The development and use of quantum computers for chemical applications has the potential for revolutionary impact on the way computing is done in the future. Major challenge opportunities are abundant (see next fifteen chapters). One key example is developing and implementing quantum algorithms for solving chemical problems thought to be intractable for classical computers. Other challenges include the role of quantum entanglement, coherence, and superposition in photosynthesis and complex chemical reactions. Theoretical chemists have encountered and analyzed these quantum effects from the view of physical chemistry for decades. Therefore, combining results and insights from the quantum information community with those of the chemical physics community might lead to a fresh understanding of important chemical processes. In particular, we will discuss the role of entanglement in photosynthesis, in dissociation of molecules, and in the mechanism with which birds determine magnetic north. This chapter is intended to survey some of the most important recent results in quantum computation and quantum information, with potential applications in quantum chemistry. To start with, we give a comprehensive overview of the basics of quantum computing (the gate model), followed by introducing quantum simulation, where the phase estimation algorithm (PEA) plays a key role. Then we demonstrate how PEA combined with Hamiltonian simulation and multiplicative inversion can enable us to solve some types of linear systems of equations described by Ax = b. Then our subject turns from gate model quantum computing (GMQC) to adiabatic quantum computing (AQC) and topological quantum computing, which have gained increasing attention in the recent years due to their rapid progress in both theoretical and experimental areas. Finally, applications of the concepts of quantum information theory are usually related to the powerful and counter intuitive quantum mechanical effects of superposition, interference, and entanglement.

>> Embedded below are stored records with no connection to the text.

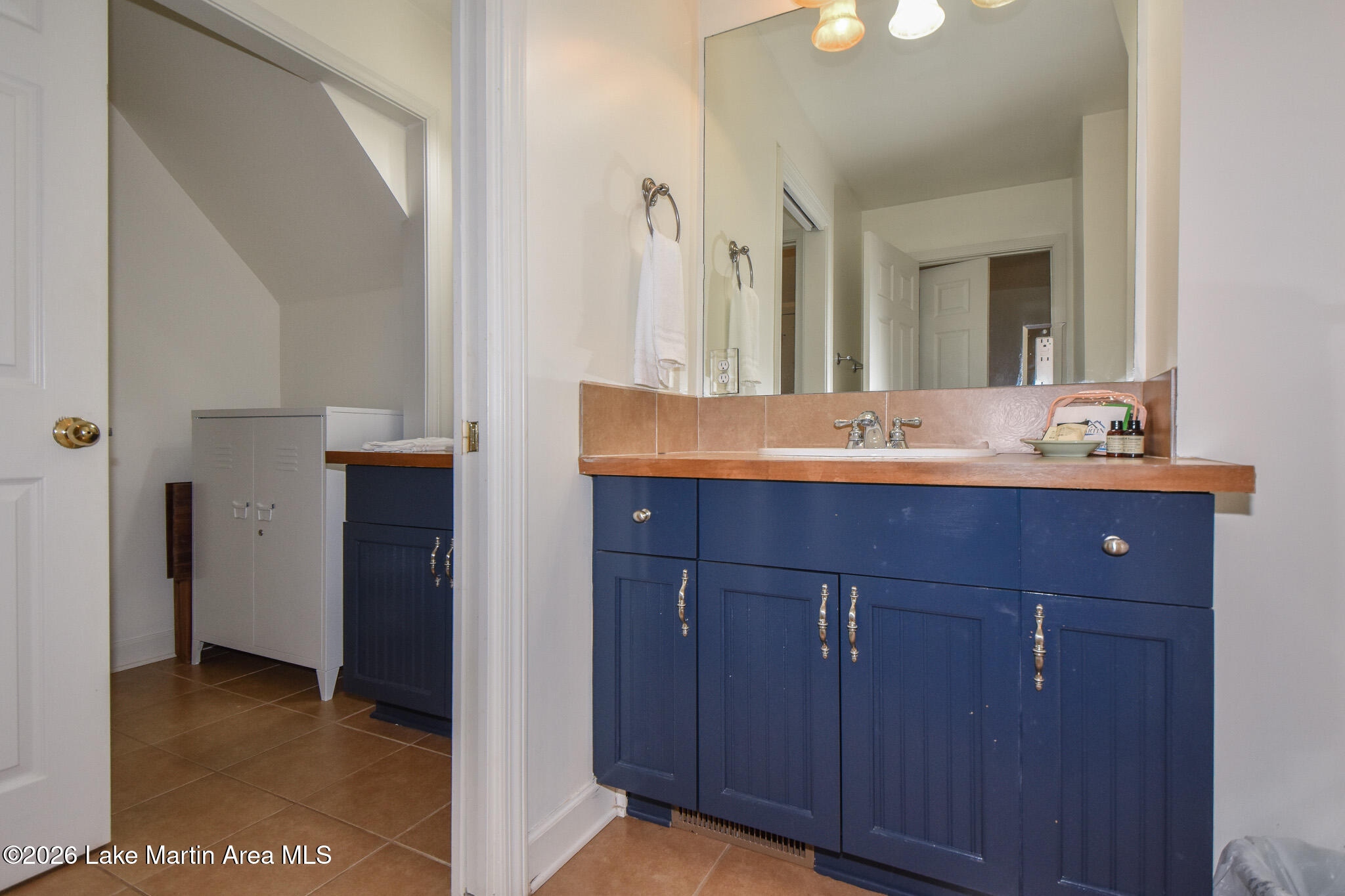 117 Falling Water Cir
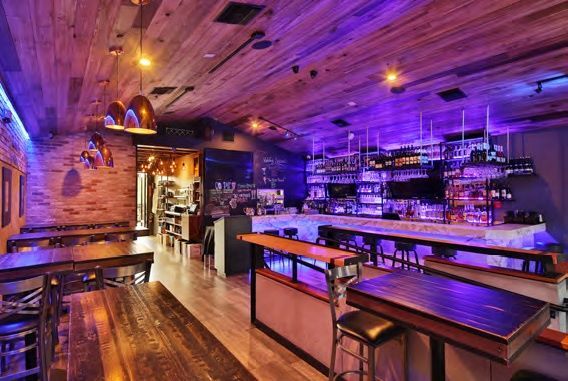 More Photos Of 10964 Ventura Blvd, Studio City Restaurant For Lease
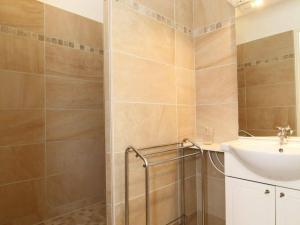 a bathroom with a sink and a mirror at Appartement T3 à Balaruc-les-Bains avec WiFi et vue sur l'étang de Thau - FR-1-553-188 in Balaruc-les-Bains +10 photos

Introduction to Machine Learning and Quantum Computing (Prof. Batista)

Batista

Machine learning and quantum computing have emerged as leading technologies of the twenty first century and are expected to be increasingly applied to address a wide variety of chemical and materials science challenges. The goal of this course is to introduce fundamental concepts of machine learning and quantum computing to chemists and materials science students through an overview of algorithms, computational methods, and applications. It is intended to empower students to engage with this emerging field and foster the growing field of artificial intelligence for accelerated scientific discoveries in the molecular and physical sciences.